Originally published July 24, 2007 at 12:00 AM | Page modified July 24, 2007 at 6:17 PM
Amazon triples its profit, tops expectations
Amazon.com's second-quarter profit more than tripled, boosted by strong sales of books, music and electronics worldwide. The strong results pushed...
The Associated Press
Amazon.com's second-quarter profit more than tripled, boosted by strong sales of books, music and electronics worldwide. The strong results pushed the Web retailer's stock up 11.3 percent in after-hours trading.
Earnings for the three months ended June 30 climbed to $78 million, or 19 cents a share, from $22 million, or 5 cents a share during the same period last year, the company said this afternoon.
Results topped Wall Street's expectations. Analysts polled by Thomson Financial forecast a profit of 16 cents a share.
Revenue rose 35 percent to $2.89 billion from $2.14 billion in the year-ago quarter, beating analysts' expectations for $2.81 billion in sales.
Prior to the earnings announcement, shares of Amazon sank $2.49, or 3.5 percent, to close at $69.25. They gained $8.72, to $77.07, in after-hours trading.
Sales in the U.S. and Canada rose 38 percent to $1.6 billion. Revenue from the company's U.K., German, Japanese, French and Chinese sites increased 31 percent to $1.28 billion. Amazon said a weaker dollar helped improve sales slightly.

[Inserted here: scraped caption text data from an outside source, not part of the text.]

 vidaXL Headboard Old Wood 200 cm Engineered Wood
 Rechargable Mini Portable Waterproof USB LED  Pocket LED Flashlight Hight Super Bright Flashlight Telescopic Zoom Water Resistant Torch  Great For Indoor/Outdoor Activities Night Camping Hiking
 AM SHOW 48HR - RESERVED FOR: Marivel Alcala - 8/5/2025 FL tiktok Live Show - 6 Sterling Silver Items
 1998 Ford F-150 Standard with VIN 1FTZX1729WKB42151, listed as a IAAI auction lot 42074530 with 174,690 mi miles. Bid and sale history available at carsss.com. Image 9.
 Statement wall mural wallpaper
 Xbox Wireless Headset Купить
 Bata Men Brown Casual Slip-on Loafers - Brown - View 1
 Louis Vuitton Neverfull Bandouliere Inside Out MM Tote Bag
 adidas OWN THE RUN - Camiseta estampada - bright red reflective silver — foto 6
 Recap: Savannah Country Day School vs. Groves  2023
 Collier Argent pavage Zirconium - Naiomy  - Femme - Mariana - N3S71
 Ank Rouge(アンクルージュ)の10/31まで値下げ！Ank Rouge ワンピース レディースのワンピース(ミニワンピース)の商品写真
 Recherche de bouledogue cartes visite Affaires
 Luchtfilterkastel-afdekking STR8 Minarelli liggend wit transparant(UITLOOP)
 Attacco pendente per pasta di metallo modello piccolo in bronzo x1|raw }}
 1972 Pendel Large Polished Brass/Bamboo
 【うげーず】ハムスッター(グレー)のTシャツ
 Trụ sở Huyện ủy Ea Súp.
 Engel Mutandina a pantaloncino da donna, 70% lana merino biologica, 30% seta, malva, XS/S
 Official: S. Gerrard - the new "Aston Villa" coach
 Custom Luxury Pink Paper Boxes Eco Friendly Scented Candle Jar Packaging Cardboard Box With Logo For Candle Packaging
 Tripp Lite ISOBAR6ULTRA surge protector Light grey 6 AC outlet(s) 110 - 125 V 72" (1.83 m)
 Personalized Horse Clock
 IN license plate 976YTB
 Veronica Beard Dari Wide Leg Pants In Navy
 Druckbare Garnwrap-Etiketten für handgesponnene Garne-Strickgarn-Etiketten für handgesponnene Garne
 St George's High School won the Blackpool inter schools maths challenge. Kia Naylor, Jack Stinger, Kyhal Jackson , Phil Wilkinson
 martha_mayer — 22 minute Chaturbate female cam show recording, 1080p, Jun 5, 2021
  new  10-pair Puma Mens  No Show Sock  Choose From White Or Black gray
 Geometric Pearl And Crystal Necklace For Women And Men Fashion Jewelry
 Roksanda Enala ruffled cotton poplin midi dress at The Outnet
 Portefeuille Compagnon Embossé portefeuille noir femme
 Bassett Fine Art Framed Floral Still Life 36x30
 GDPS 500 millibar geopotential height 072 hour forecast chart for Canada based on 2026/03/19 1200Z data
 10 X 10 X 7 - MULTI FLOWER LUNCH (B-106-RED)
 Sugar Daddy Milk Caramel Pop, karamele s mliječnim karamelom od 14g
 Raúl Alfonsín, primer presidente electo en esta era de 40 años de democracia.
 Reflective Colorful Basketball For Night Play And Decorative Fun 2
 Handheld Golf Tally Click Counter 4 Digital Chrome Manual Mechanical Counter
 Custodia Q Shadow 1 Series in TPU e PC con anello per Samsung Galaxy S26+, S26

Worldwide, sales of books, music and other media-category products grew 27 percent to $1.83 billion. Revenue from electronics and general merchandise improved 55 percent to $970 million.
In a conference call, Chief Financial Officer Tom Szkutak said items sold by third-party merchants increased to 30 percent of total unit sales on the site, up slightly from a year ago.
Amazon's spending to help third parties sell items on its site, storage and computing power for software programmers and other items rose 10 percent to $201 million but slowed considerably from the year-ago quarter.
The retailer also said the number of subscribers to its $79-per-year unlimited shipping membership program increased, but did not disclose a total. Free shipping eats into Amazon's results, and the company said net shipping costs totaled $75 million.
For the current third quarter, Amazon said it expects revenue between $3 billion and $3.175 billion. For the full fiscal year, Amazon raised its forecast to between $13.8 billion and $14.3 billion, up from its earlier outlook of $13.4 billion to $14 billion.
Wall Street had been looking for third-quarter revenue to reach $3 billion, and for full-year sales of $13.84 billion.